El perro adulto sano tolera cargas bacterianas que a una persona la mandarían al hospital, aunque puede enfermar y, sobre todo, puede eliminar la bacteria por heces durante días sin mostrar ningún síntoma. El riesgo relevante es para las personas que conviven con él, en particular niños pequeños, mayores y personas con inmunidad comprometida.
¿Cada cuánto debo revisar a mi perro si come crudo?
Analítica y revisión a los 3 meses del cambio, otra al año y después una anual. Añade control dental cada 6-12 meses, porque las fracturas por hueso duro pasan desapercibidas hasta que duelen. Pesa al perro en casa cada dos semanas durante los primeros seis meses.

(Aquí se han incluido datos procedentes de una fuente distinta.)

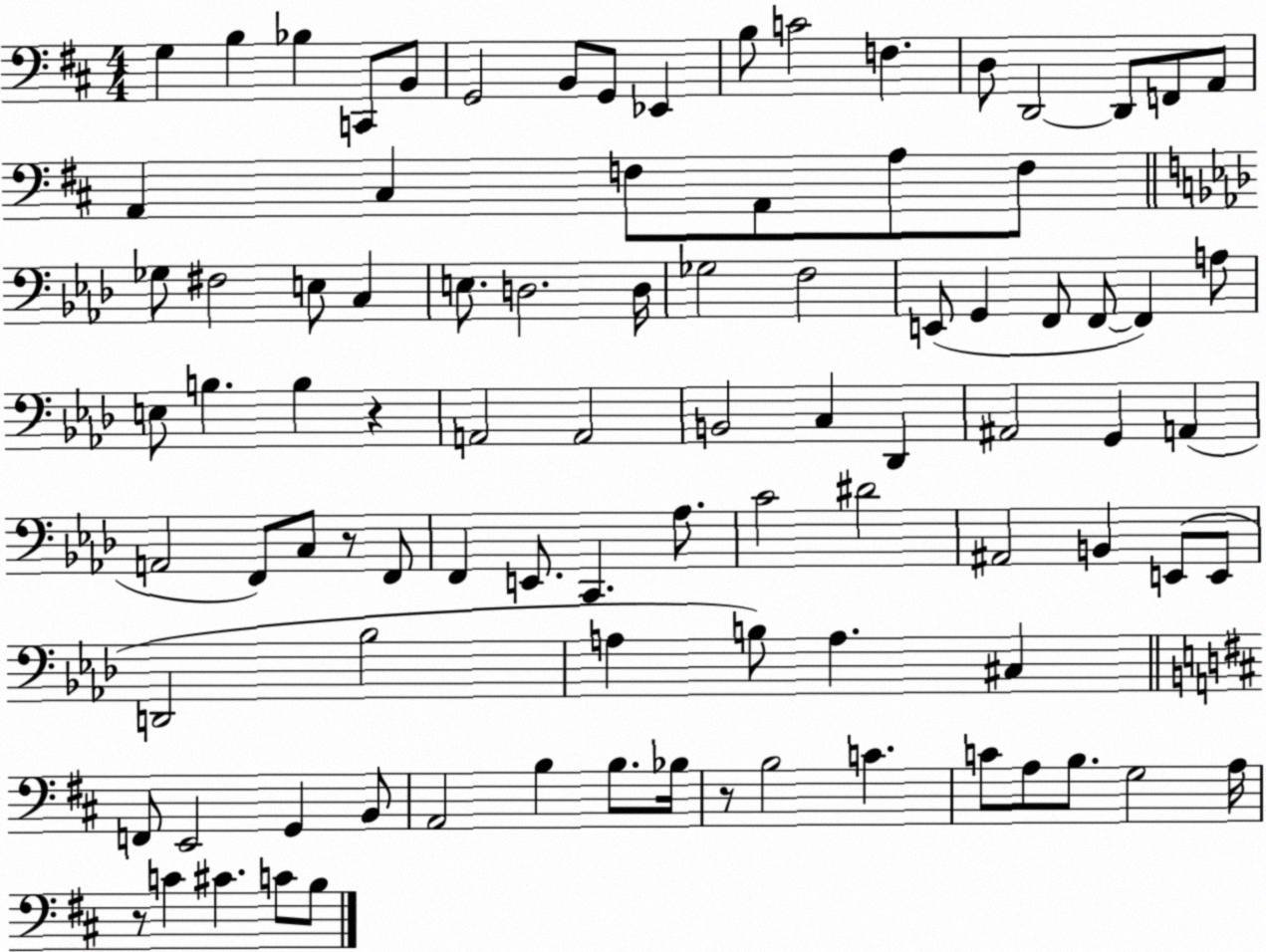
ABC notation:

Conclusión: cuándo tiene sentido y cuándo no
La dieta BARF no es magia ni es veneno. Es un método de alimentación con ventajas reales —alta digestibilidad, control total sobre los ingredientes, palatabilidad excelente en perros inapetentes— y con exigencias que no todo el mundo puede asumir: cálculo nutricional serio, espacio de congelación, higiene estricta y una relación estable con un veterinario que sepa de nutrición.
Encaja bien en perros adultos sanos, con propietarios organizados, en hogares sin personas vulnerables y con presupuesto y tiempo para hacerlo bien. Encaja mal en perros con pancreatitis, enfermedad renal o inmunosupresión, en cachorros de raza gigante sin supervisión profesional y en casas donde la preparación va a ser improvisada. Entre los dos extremos hay un montón de soluciones intermedias perfectamente válidas.
Si decides dar el paso, hazlo con una fórmula calculada, una transición de dos semanas, una analítica antes y otra a los tres meses, y la libertad de dar marcha atrás si tu perro no responde como esperabas. Ninguna filosofía alimentaria merece más que el animal que tienes delante.